Fig. 6. — Effect of aldosterone on STE20/SPS-1-related proline/alanine-rich kinase (SPAK) and oxidative stress-responsive 1 (OSR1) phosphorylation. mDCT15 cells were grown to confluence, then treated with 100 nM aldosterone (A) for 24 h before lysis and immunoblotting for phospho-SPAK/OSR1 (SPAK 373 and OSR325), total SPAK (SPAK), and total OSR1 (OSR1). A: representative immunoblot. B: densitometry for SPAK373. P < 0.05; n = 4. C: densitometry for OSR325. *P < 0.05; n = 4.

Given that SPAK expression predominates over OSR1 in our model, SPAK protein expression was decreased via RNA interference to assess whether signaling via SPAK plays a crucial role in NCC phosphorylation and activation. RNA interference resulted in a 68 ± 7% decrease in SPAK protein expression compared with nontargeting controls as measured by Western blotting and densitometry (Fig. 7A, n = 3, P < 0.05). Specificity of RNA interference for SPAK was confirmed via immunoblotting for OSR1, and OSR1 protein expression was unaffected in these cells (Fig. 7A). Gene knockdown of SPAK decreased baseline NCC activity in these cells by 36 ± 3% compared with control (Fig. 7B, n = 4, P < 0.01). Stimulation of these SPAK knockdown cells with aldosterone had virtually no effect on NCC activity (6 ± 3% increase after 24-h aldosterone treatment in short hairpin RNA SPAK groups vs. 52 ± 5% increase after aldosterone treatment in control groups, n = 4, P < 0.01). This provides clear evidence that aldosterone acutely increases NCC activity without changing NCC abundance or distribution via a pathway involving SPAK phosphorylation.

Fig. 7. — Effect of SPAK on aldosterone-induced NCC activity.
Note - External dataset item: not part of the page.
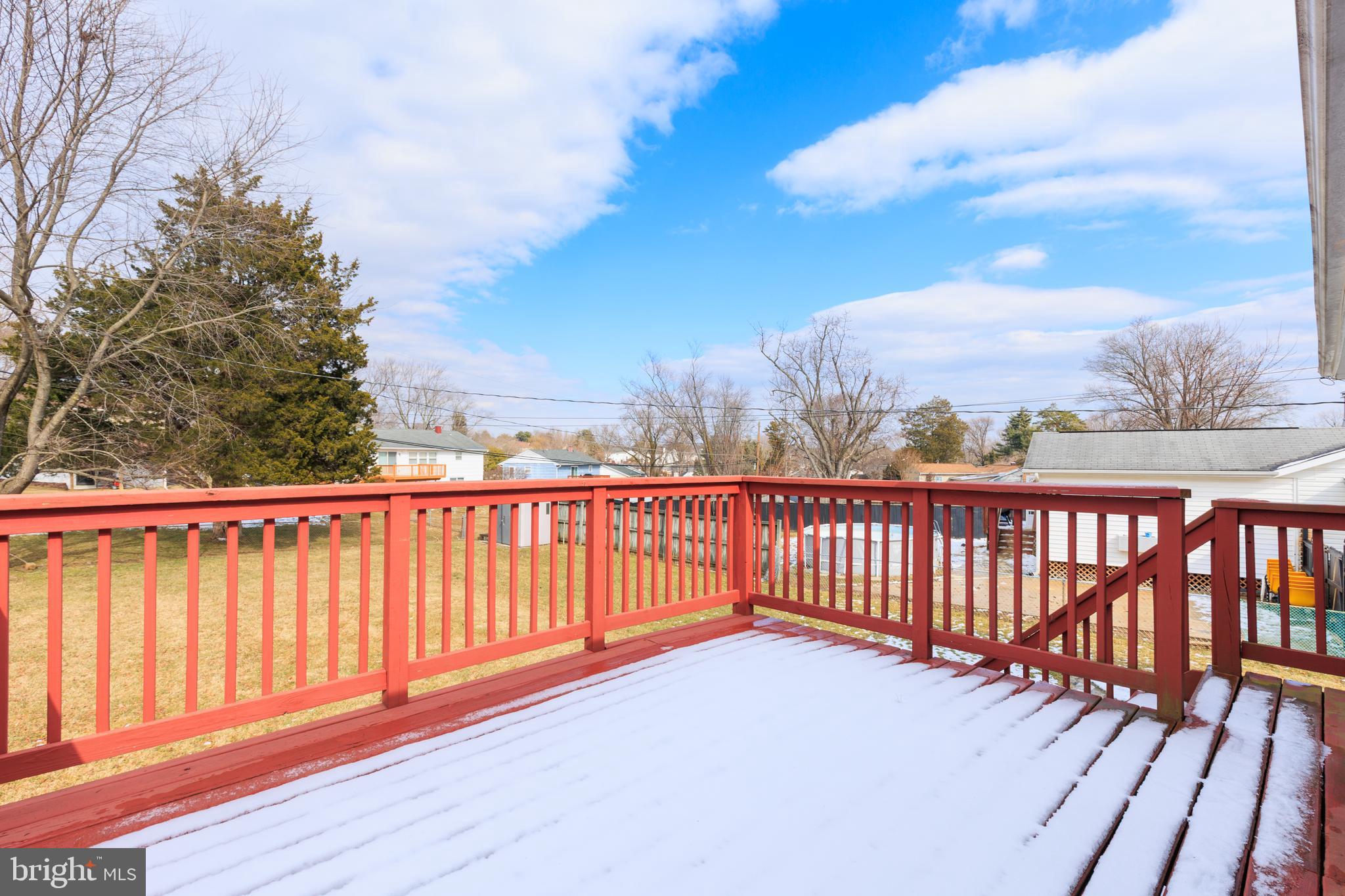 SUBURBIA - Residential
A: mDCT15 cells were infected with short hairpin (sh) RNA specific for SPAK with gene knockdown confirmed via immunoblotting for SPAK (densitometry with representative immunoblot for SPAK and OSR1 shown as *inset*). C = nontargeting control, shSK = shRNA specific for SPAK. B: mDCT15 or shSPAK-infected cells were treated with either vehicle (mDCT+V, shSK+V) or 100 nM aldosterone (mDCT+A, shSK+A) for 24 h before radioactive uptake determination as in materials and methods. Thiazide-sensitive uptake was calculated as the difference in radiotracer uptake between the metolazone-containing and the metolazone-free groups. *P < 0.01; n = 4.

DISCUSSION

Although aldosterone has traditionally been thought to mediate its effects on sodium reabsorption primarily through regulation of the epithelial sodium channel (ENaC), the first definitive studies linking aldosterone to activation of NCC were published more than a decade ago (46). These and subsequent studies indicated that chronic aldosterone exposure (greater than 72 h) increases NCC activity in the DCT through increases in NCC protein expression. Studies in rats, dogs, and humans have demonstrated that aldosterone acutely causes a sharp decrease in sodium excretion in the 2- to 24-h time period after administration (17, 26–29, 43). However, acute effects of aldosterone on NCC had not been determined.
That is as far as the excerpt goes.